Лето 1905 года – особенно синее, пестрое, тугое, доверху набитое людьми и происшествиями. Я – практикантом на пароходе «Россия», плавающем от Одессы до Александрии. Константинополь, мечети, дервиши, базары, беломраморная набережная Смирны, бедуины Бейрута, белый Яффский прибой, черно-зеленый Афон, чумный Порт-Саид, желто-белая Африка, Александрия – с английскими полисменами, продавцами крокодиловых чучел, знаменитый Тартуш. Особенный, отдельный от всего, изумительный Иерусалим, где я с неделю жил в семье знакомого араба.
А по возвращении в Одессу – эпопея бунта на «Потемкине». С машинистом «России» – смытый, затопленный, опьяненный толпой – бродил в порту весь день и всю ночь, среди выстрелов, пожаров, погромов.
В те годы быть большевиком – значило идти по линии наибольшего сопротивления; и я был тогда большевиком. Была осень 1905 года, забастовки, черный Невский, прорезанный прожектором с Адмиралтейства, 17 октября, митинги в высших учебных заведениях…
Однажды в декабре вечером в мою комнату на Ломанском переулке пришел приятель, рабочий, крылоухий Николай В. – с бумажным мешком от филипповских булок, в мешке – пироксилин «Оставлю-ка я тебе мешочек, а то за мной по пятам шпики ходят». – «Что ж, оставь». И сейчас еще вижу этот мешок: слева, на подоконнике, рядом с кулечком сахару и колбасой.
На другой день – в «штабе» Выборгского района, в тот самый момент, когда на столе были разложены планы, парабеллумы, маузеры, велодоги – полиция: в мышеловке человек тридцать. А в моей комнате слева, на подоконнике, – мешок от филипповских булок, под кроватью – листки.

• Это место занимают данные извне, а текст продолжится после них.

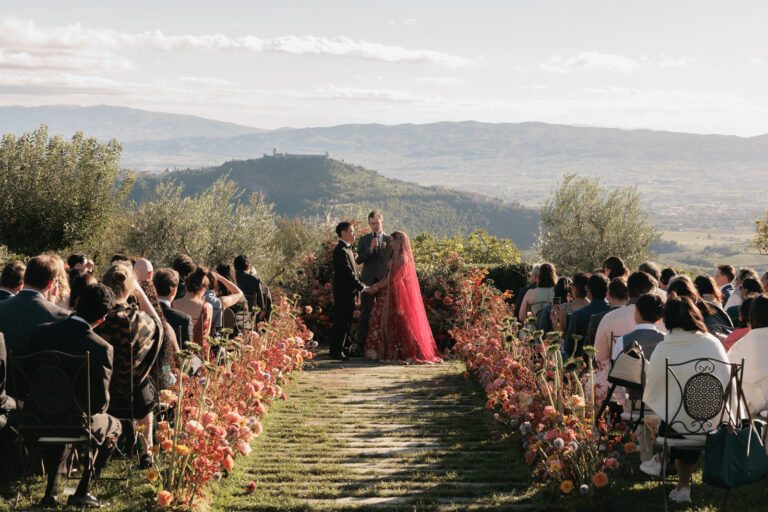 An outdoor ceremony facing the Umbrian hills at Castello di Petrata, Denise More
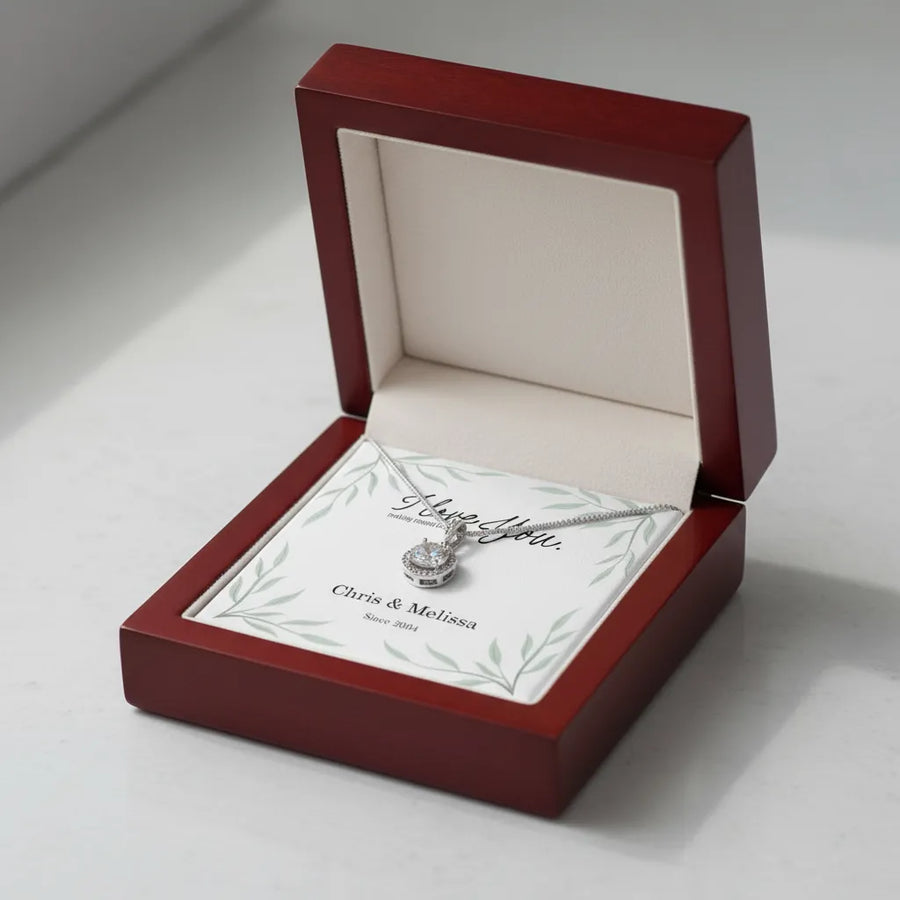 Burgundy gift box with cream interior displaying a silver necklace with cushion-cut pendant, resting on a card personalized with sample names "Chris & Melissa" and "Since 2014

Когда, обысканные и избитые, мы разделены были по группам, я вместе с другими четырьмя – оказался у окна. У фонаря под окном увидел знакомые лица, улучил момент и в фортку выбросил записочку, чтобы у этих четырех и у меня убрали из комнат все неподобающее. Это было сделано. Но о том я узнал позже, а пока – несколько месяцев в одиночке на Шпалерной мне снился мешочек от филипповских булок – налево, на подоконнике.
В одиночке – был влюблен, изучал стенографию, английский язык и писал стихи (это неизбежно). Весною девятьсот шестого года освободили и выслали на родину.
Лебедянскую тишину, колокола, палисадники – выдержал недолго: уже летом – без прописки в Петербурге, потом в Гельсингфорсе. Комната на Эрдхольмс-гатан, под окнами – море, скалы. По вечерам, когда чуть видны лица, – митинги на сером граните. Ночью – не видно лиц, теплый черный камень кажется мягким, – оттого что рядом она, и легки, нежны лучи свеаборгских прожекторов.
Однажды в купальне голый товарищ знакомит с голым пузатеньким человечком: пузатенький человечек оказывается знаменитым капитаном красной гвардии – Коком. Еще несколько дней – и красная гвардия под ружьем, на горизонте чуть видные черточки кронштадтской эскадры, фонтаны от взрывающихся в воде двенадцатидюймовок, слабеющее буханье свеаборгских орудий. И я – переодетый, выбритый, в каком-то пенсне – возвращаюсь в Петербург.
Парламент в государстве; маленькие государства в государстве – высшие учебные заведения, и в них свои парламенты: Советы старост. Борьба партий, предвыборная агитация, афиши, памфлеты, речи, урны. Я был членом – одно время председателем – Совета старост.